Berkah

mustadiOleh Mustadihisyam

Berkah adalah harapan yang diinginkan oleh hampir semua hamba yang beriman, dengan demikian orang akan mendapat limpahan kebaikan dalam hidup. Bahkan hampir tiap pagi hari di wa kita selalu saling mendokan semoga kita semua mendapatkan berkah dari Allah. Apa sebenarnya makna berkah yang kita harapkan itu?

Berkah bukanlah cukup dan mencukupi saja, melainkan berkah ialah bertambahnya ketaatan kita kepada Allah dgn segala keadaan yg ada, baik berlimpah atau sebaliknya, itulah berkah, “al-barakatu tuziidukum fi thaah”. Berkah Menambah Ketaatanmu kepada Allah. Apapun yang terjadi pada diri kita yang ujung ujungnya menambah ketaatan kepada Allah itulah berkah.

Hidup yang berkah bukan hanya sehat, melainkan kadang kala sakitpun bisa jadi berkah. Lihatlah berkah sebagaimana Nabi Ayyub AS dapatkan, sakitnya justru menambah ketaatannya kepada Allah. Banyak contoh ketika orang ditimpa sakit, merubah jalan hidupnya menjadi orang yang taat beribadah, sakitnya menjadi berkah karena menjadikan dia dekat dengan Tuhan. Dan berkah itu tidak selalu panjang umur, ada yang umurnya pendek tapi dahsyat taatnya layaknya Mush’ab bin Umair RA.

Tanah yang berkah itu bukan karena panorama indahnya, melainkan tanah yang kadang tandus, seperti Makkah tapi keutamaannya di hadapan Allah tidak ada yang menandingi, Subhanallah.

keluarga-sakinahMakanan berkah itu bukan yang komposisi gizinya lengkap, melainkan makanan itu mampu menjadikan kita menjadi sehat sehingga menambah syukur kita akan nikmat yang diberikanNya kepada kita.
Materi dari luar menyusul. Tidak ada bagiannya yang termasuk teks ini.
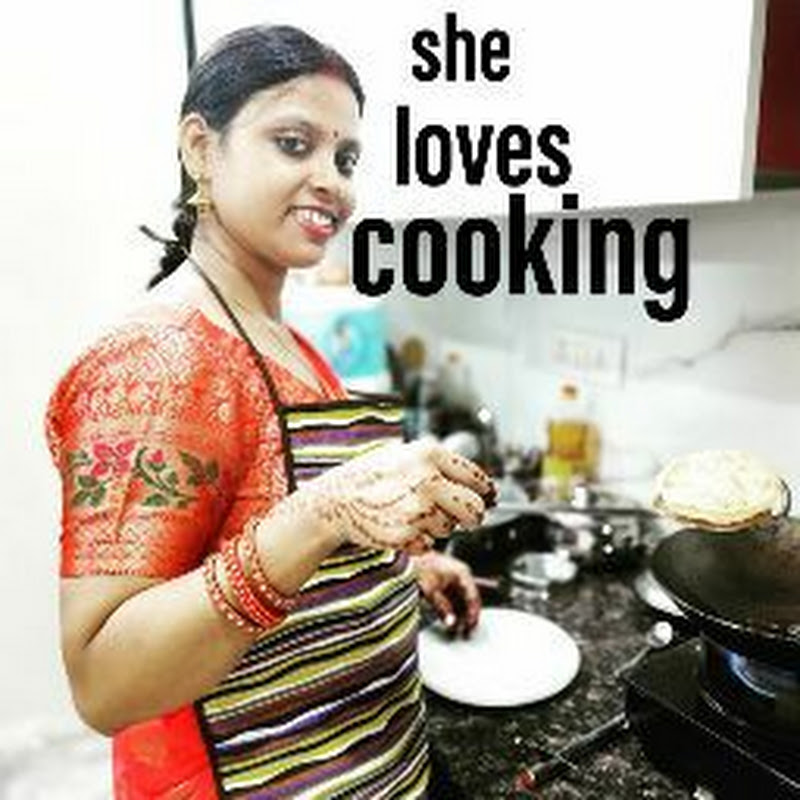 She Loves Cooking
Berkah nikmat sehat menambah ketaatan beribadah dengan khusyuk, bisa bekerja untuk beramal, bisa melaksanakan perintah Allah dengan sempurna.

Ilmu yang berkah itu bukan yang banyak riwayat dan catatan kakinya, melainkan yang mampu menjadikan seseorang untuk beramal dan menegakkan agama Allah. Ilmu yang berkah adalah ilmu yang mampu menyejahterakan hidup manusia sehingga menjadi amal jariah, suatu amal yang kita tunggu dan harapkan ketika kita sudah tak bernyawa lagi.
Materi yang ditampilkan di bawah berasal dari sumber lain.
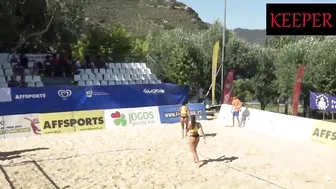 Castro/Pinheiro vs Maia/Maia - beach volley #2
Penghasilan berkah juga bukan gaji yang kita terima banyak dan bertambah, melainkan sejauh mana penghasilan kita bisa menjadi jalan rezeki bagi yang lainnya dan semakin banyak orang yang terbantu dengan penghasilan kita, semakin sejahtera orang-orang di sekitar kita.

Anak-anak yang berkah bukanlah mereka yang lucu, cakep dan cakap, melainkan anak yang berkah ialah yg senantiasa taat kepada Rabb-Nya dan kelak mereka menjadi anak shaleh dan tidak henti-hentinya mendoakan ibu bapaknya “

Yaa… Allah ampunilah dosa dan kesalahan kami, juga dosa dan kesalahan ibu bapak kami, baik beliau yang masih hidup maupun yang sudah mendahului kami.
Kasihanilah dan sayangilah kedua orang tua kami yaa Allah sebagaimana beliau menyayangi kami di saat kami masih kecil”.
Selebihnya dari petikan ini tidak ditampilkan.